Wow, thanks for the active participation!!
: Your assumption about our current actual total debt is simply not correct. About 120 are still outstanding from the rented apartment, about 65 from the owner-occupied one. In addition, the land, of which we still have to pay off 40. That still makes about 225.
Overall, I am well aware that this is basically a real estate bet. For the rented apartment, I have already calculated earlier that I only make a loss if interest rates are over 5% in 2028 *and* the apartment has lost 25% of its value. If the interest rates are below 5%, I simply take out a new financing contract and the rent covers the installment for another 10 years. If the interest rates are over 5%, I have the option to possibly adjust the rent, contribute a little monthly, or sell the apartment. And here I would only need to get "just" 83,000 to break even. Anything below 83,000 would be my loss. I think that is an acceptable risk in metropolitan areas.

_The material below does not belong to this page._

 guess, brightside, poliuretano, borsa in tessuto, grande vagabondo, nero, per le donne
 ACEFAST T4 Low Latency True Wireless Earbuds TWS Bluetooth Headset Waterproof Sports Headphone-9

Regarding my owner-occupied apartment: The plan was from the beginning to keep the installment as low as possible in order to save equity for the house and to later deduct the interest for tax purposes when renting it out. That has worked well so far. The debt on this apartment is negligible. I earn 350 euros here (after deducting loan installment and taxes from the rent) x 12 months x 10 years = 42,000. That is almost the entire remaining debt. So for me, even if this apartment is worth 0 euros in 2028 and the interest rates are at 15%, I have not made a loss.
Therefore, I don’t really understand what is so bad or unhealthy about it? The scenario just described would be the absolute worst case... And even if that should happen, I still have a mature home savings contract for my house (which I obviously don’t want to sell as easily as the apartments), with which I can at least cushion 100,000.
Moreover, I think that real estate prices will remain relatively constant and interest rates will only increase moderately if at all. Then I could continue playing this game decade after decade...
I know I’m betting high, but I can relatively easily get out at zero... and if interest rates remain fairly constant or rents continue to rise, that is an enormous leverage.